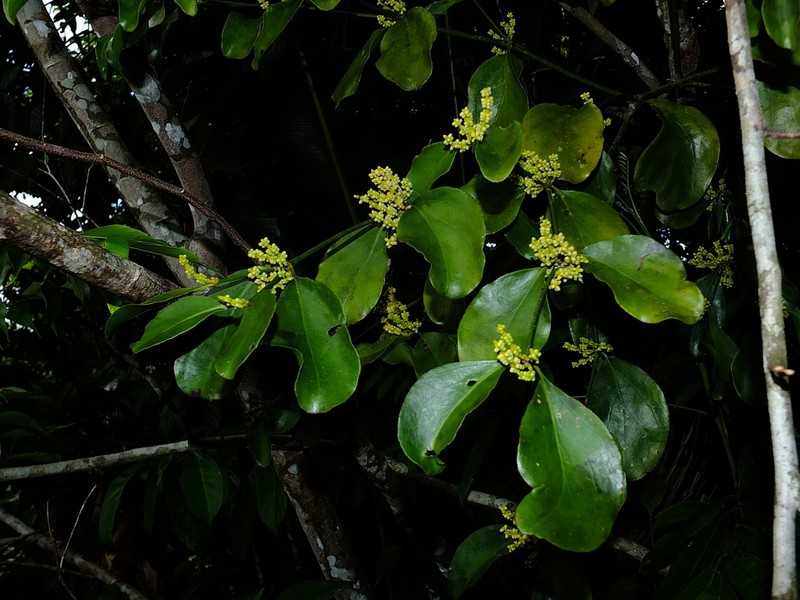Bigleaf Mistletoe photo 2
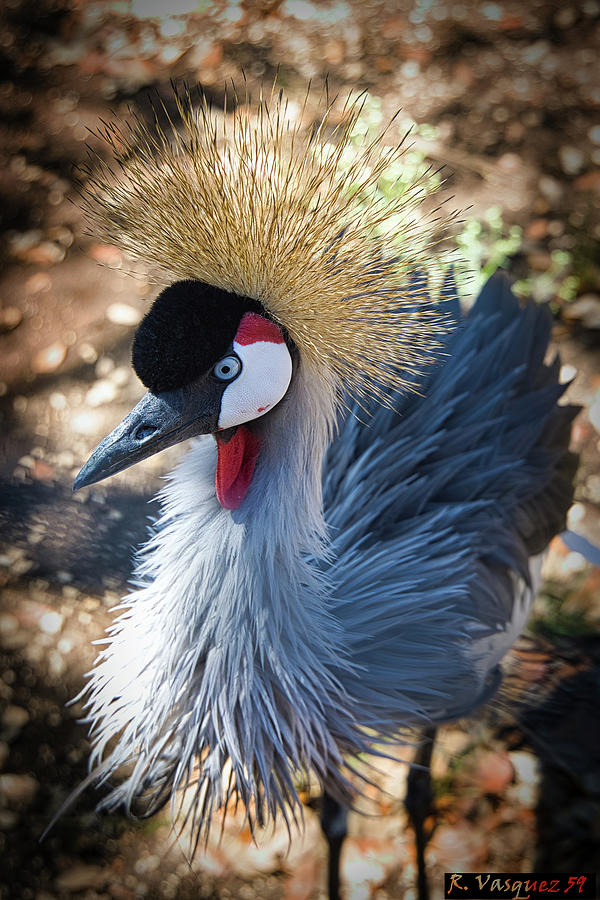 African Gray Crown Crane Fluff Photograph by Rene Vasquez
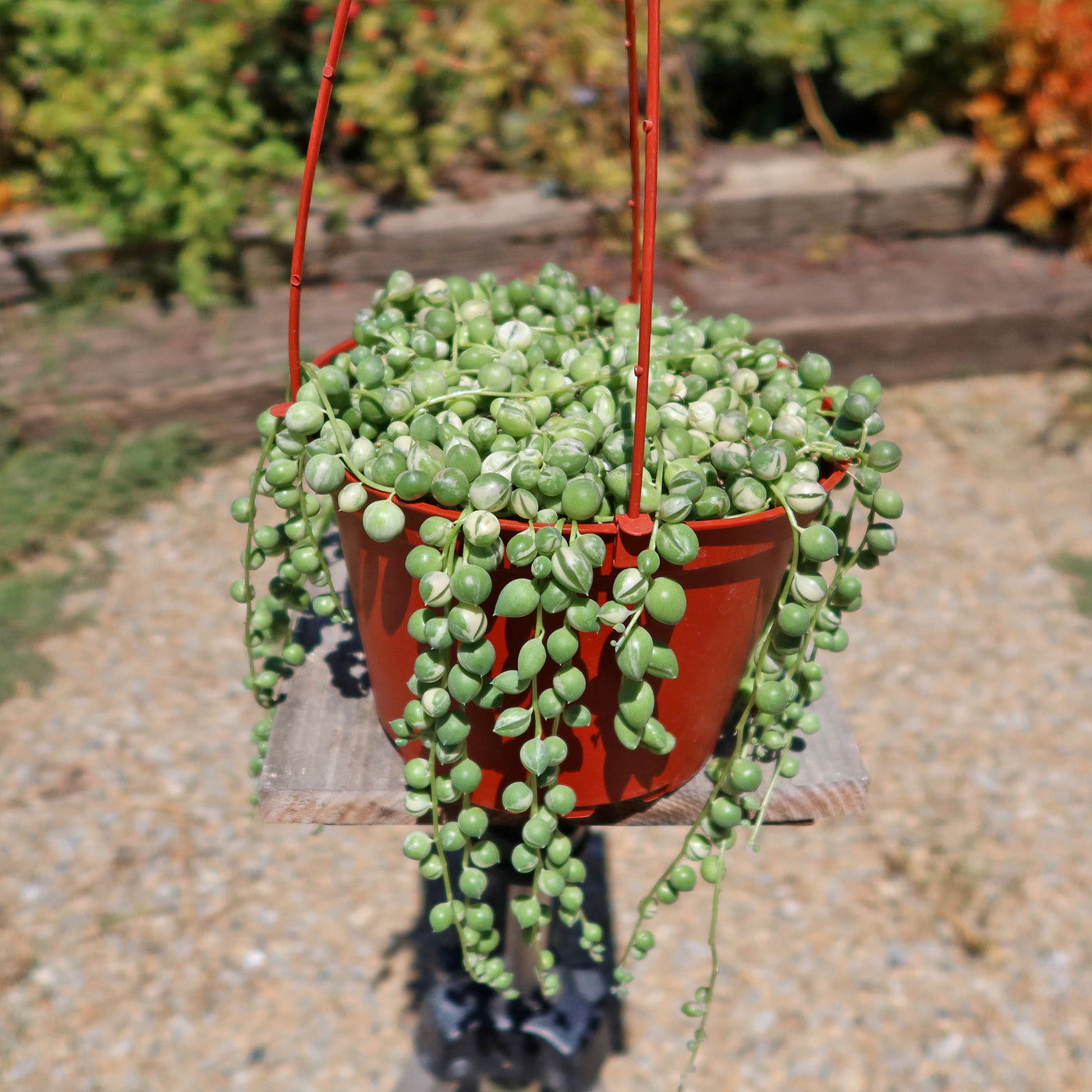 variegated pearls succulent Variegated String of Pearls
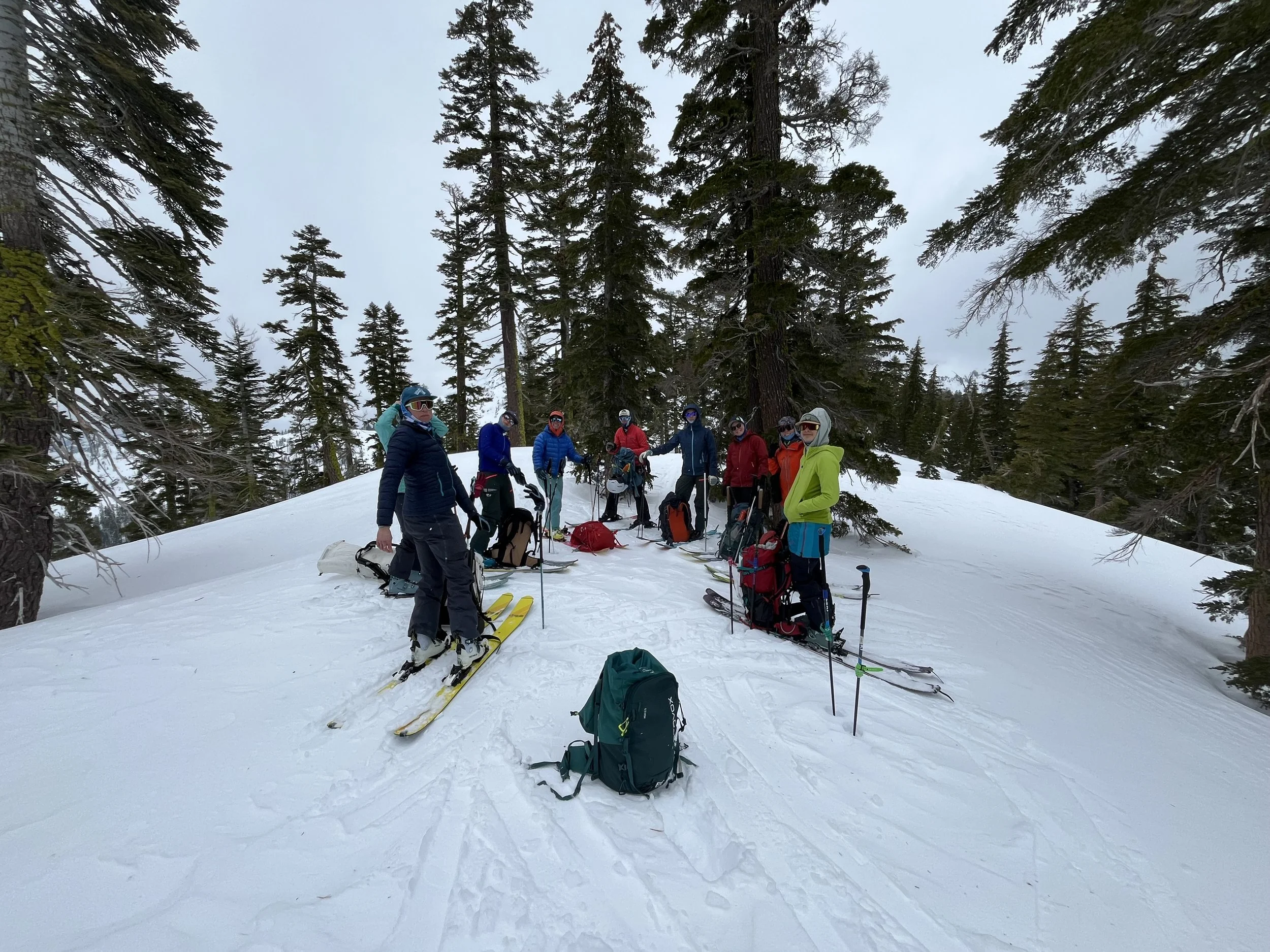 Group of people in winter gear with skis and backpacks standing on snowy slope among tall evergreen trees.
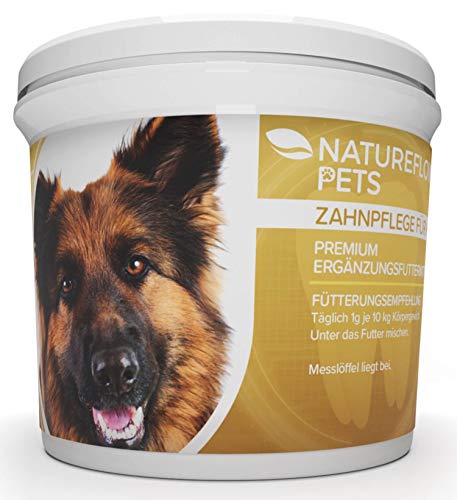 Zahnpflege für Hunde - Zahnsteinentferner Ergänzung bei Hunden - Natürliche und Wirksame Reinigung für Zähne & Zahnfleisch - Pulver 100g Premium Ergänzungsfuttermittel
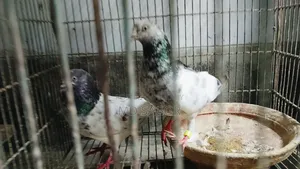 গিরিবাজ কবুতর ১ জোড়া।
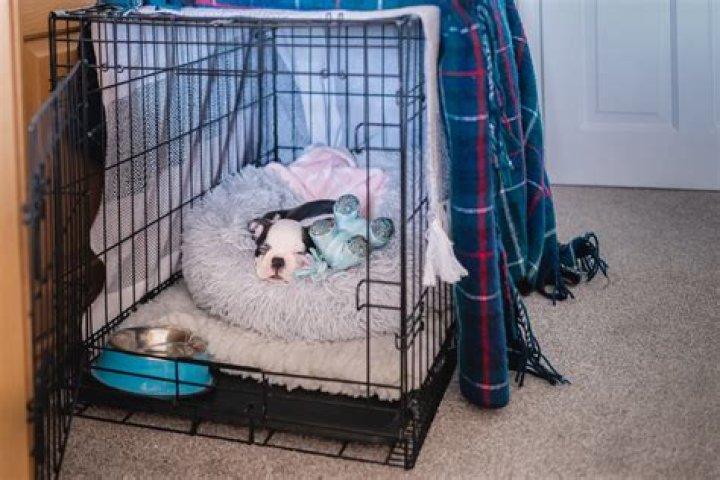 Is it OK to cover a dog crate with a blanket?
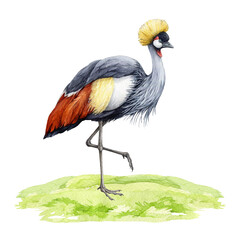 Grey crowned crane on the grass. Watercolor illustration. Hand drawn realistic Balearica regulorum avian. Wildlife Africa native bird. Grey crowned crane beautiful bird standing on the grass element.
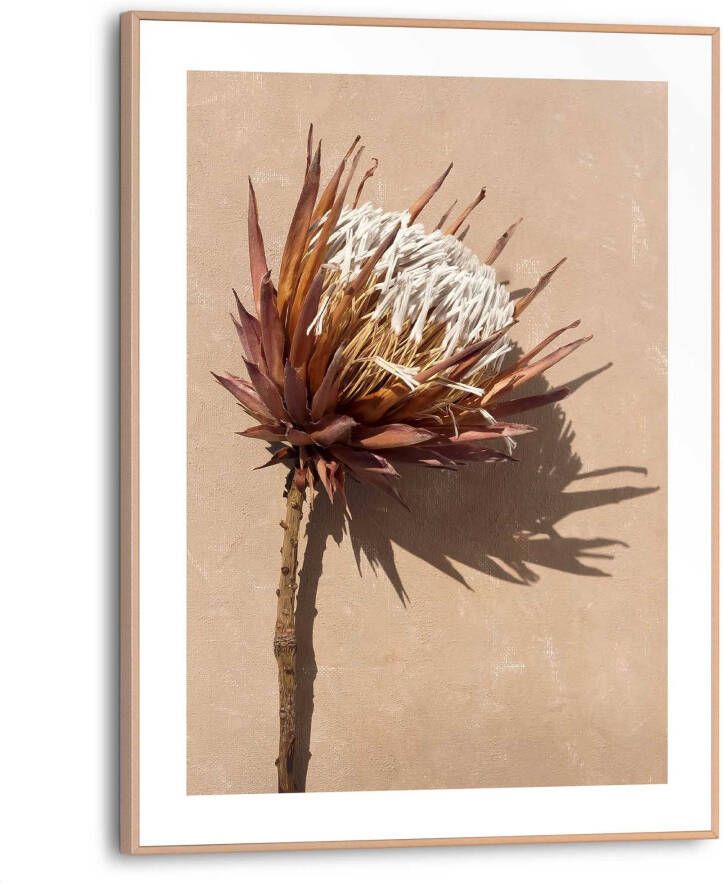 Reinders! Artprint Protea Blume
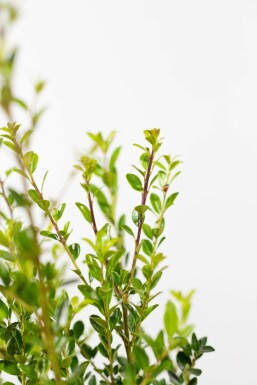 Maximowicz's holly Ilex maximowicziana 'Kanehirae' hedge 60-80 root ball Ilex maximowicziana 'Kanehirae' 60-80 cm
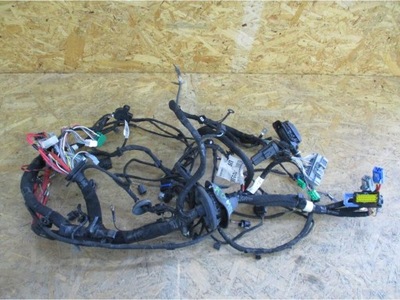 Джгут електропроводка відсік лампа передніх megane iv фото №1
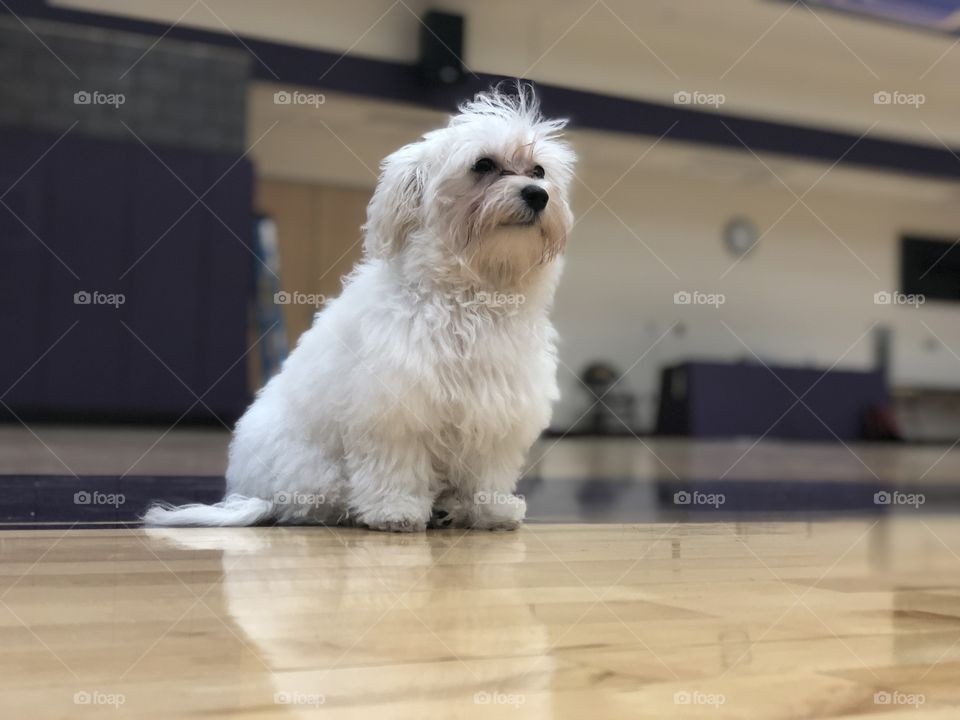 Just a puppy with a dream to be a star basketball player.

◆ ◆ ◆ ◆ ◆ ◆ ◆

What is expected
An exact copy of every entry, minus the pictures, is what you should return.

Problem solution
Bigleaf Mistletoe photo 2
 African Gray Crown Crane Fluff Photograph by Rene Vasquez
 variegated pearls succulent Variegated String of Pearls
 Group of people in winter gear with skis and backpacks standing on snowy slope among tall evergreen trees.
 Zahnpflege für Hunde - Zahnsteinentferner Ergänzung bei Hunden - Natürliche und Wirksame Reinigung für Zähne & Zahnfleisch - Pulver 100g Premium Ergänzungsfuttermittel
 গিরিবাজ কবুতর ১ জোড়া।
 Is it OK to cover a dog crate with a blanket?
 Grey crowned crane on the grass. Watercolor illustration. Hand drawn realistic Balearica regulorum avian. Wildlife Africa native bird. Grey crowned crane beautiful bird standing on the grass element.
 Reinders! Artprint Protea Blume
 Maximowicz's holly Ilex maximowicziana 'Kanehirae' hedge 60-80 root ball Ilex maximowicziana 'Kanehirae' 60-80 cm
 Джгут електропроводка відсік лампа передніх megane iv фото №1
 Just a puppy with a dream to be a star basketball player.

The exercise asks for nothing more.